On June 25th and 26th the EPA held a New England PFAS engagement event at Exeter High School in Exeter, New Hampshire. The meeting featured state, regional, and some federal EPA officials, in addition to community members from New England states. The first evening prioritized community experiences dealing with PFAS-related contamination and exposure. EPA officials (Alexandra Dunn, Regional Administrator U.S. EPA Region 1, Peter Grevatt, U.S. EPA, Office of Ground Water and Drinking Water, Jim Murphy, Community Involvement Coordinator, U.S. EPA Region 1) provided opening remarks, and restated Administrator Pruitt’s four commitments following the May 2018 D.C. PFAS summit: “1. Evaluate the need for a maximum contaminant level (MCL) for PFOA and PFOS. 2. Propose designating PFOA and PFOS as ‘hazardous substances’ through one of the available statutory mechanisms, including potentially CERCLA Section 102, 3. Develop groundwater cleanup recommendations for PFOA and PFOS at contaminated sites by fall of this year. 4. Collaborate with our federal and state partners to develop toxicity values for GenX and PFBS.”  

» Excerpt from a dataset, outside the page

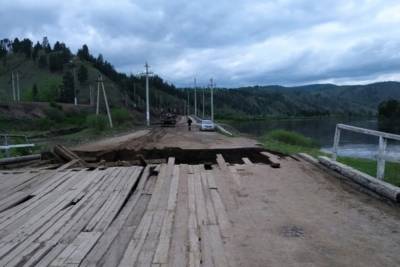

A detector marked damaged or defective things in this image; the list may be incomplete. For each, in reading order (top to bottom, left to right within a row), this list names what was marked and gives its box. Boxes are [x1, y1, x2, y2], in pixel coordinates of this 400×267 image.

damaged road surface [0, 118, 398, 267]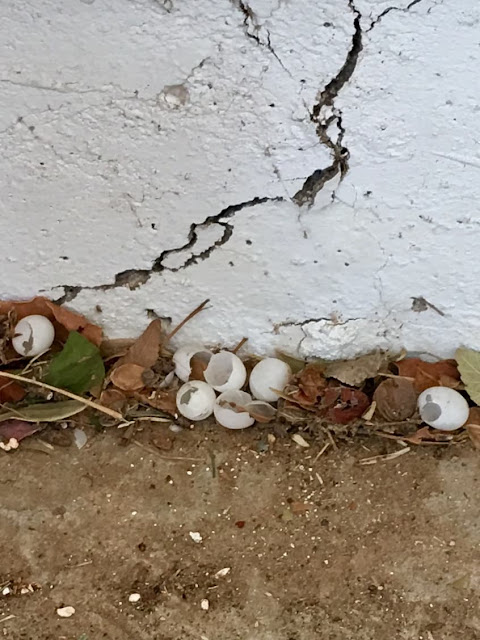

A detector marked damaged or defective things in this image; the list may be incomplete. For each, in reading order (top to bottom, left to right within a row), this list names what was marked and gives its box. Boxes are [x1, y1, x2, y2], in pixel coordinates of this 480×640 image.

cracked white wall [0, 0, 480, 358]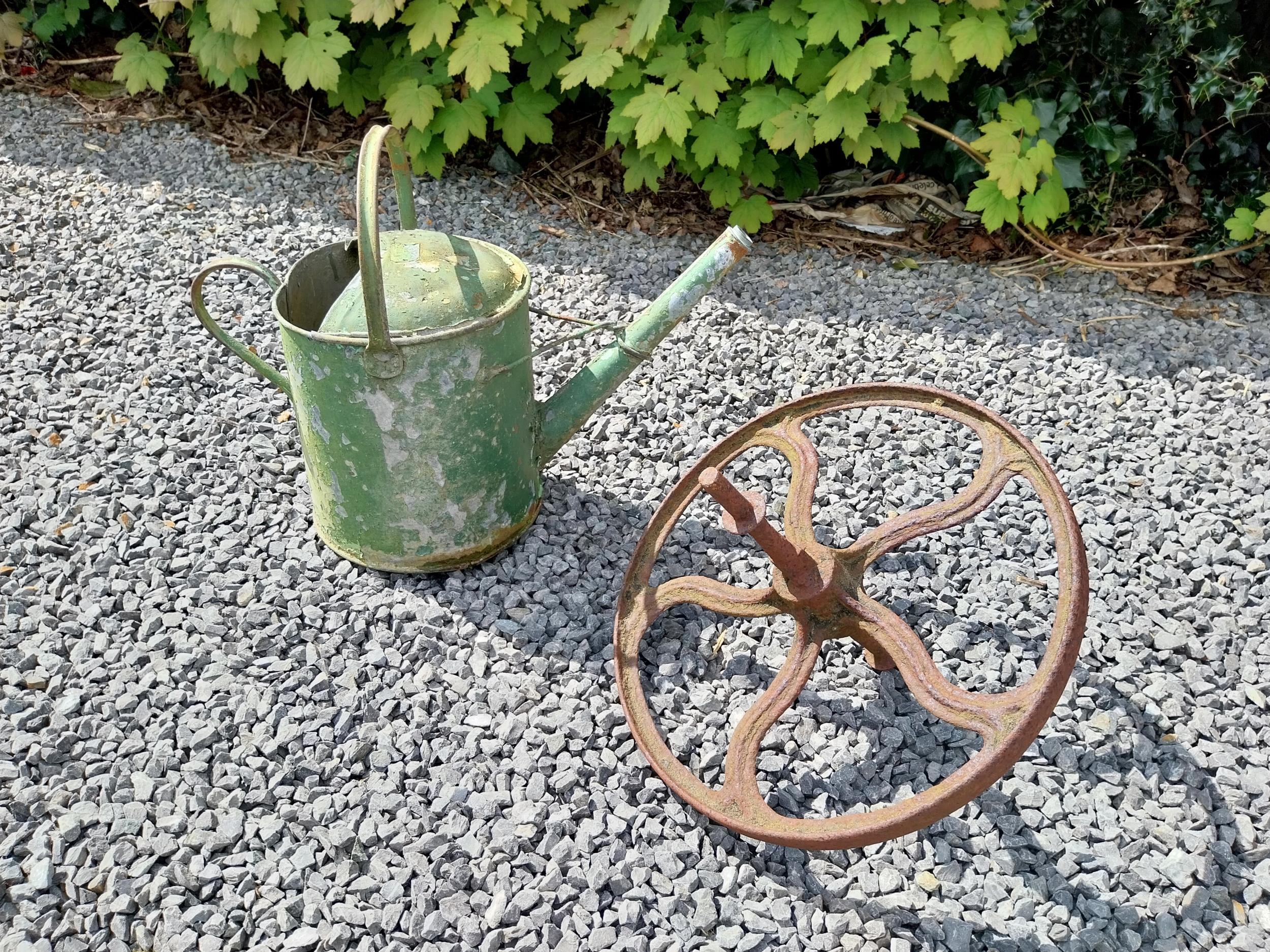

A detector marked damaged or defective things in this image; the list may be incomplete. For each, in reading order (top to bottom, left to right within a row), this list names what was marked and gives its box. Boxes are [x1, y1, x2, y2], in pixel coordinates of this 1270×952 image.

        Community presentations and testimony focused on the health, social, psychological, and economic impacts of PFAS contamination. Many individuals detailed the unusual and severe health effects that they personally have experienced, their family members have experienced, and patterns of illness they observe in their communities. Individuals described losing personal happiness, trust in state officials, and faith in the capacity of government stakeholders to protect public health ahead of private interests. Many community members have started local groups and a National PFAS Contamination Coalition, in large part due to organizing by the Toxics Action Center (TAC). Networked community members described sharing information, comparing how different local and state organizations respond to contamination across sites, and are asking for more equitable responses state and federal responses to all communities facing PFAS contamination. The Coalition members had clear asks of EPA, especially to set a maximum contaminant level (MCL) of 1 part per trillion total for all PFASs combined. Repeatedly community members asked for chemical class-based approaches to PFASs, given the urgency and known hazards surrounding so many compounds in this class. David Bond mentioned that the Governor of New York and Attorney General filed a lawsuit against fire fighting foam manufacturers using PFOA and PFOS. He suggested that the EPA recommend that the Department of Justice pursue similar litigation in order to compel chemical manufacturers to pay for the costs of drinking water filtration, remediation, and other growing damages. Andrea Amico, speaking on behalf of many community groups in the region, asked that EPA not allow the introduction of any new PFASs into production until we have a better handle on the thousands already in use. Many other asks were made of government officials, including requests for medical monitoring, biomonitoring, and action to compel polluters to pay.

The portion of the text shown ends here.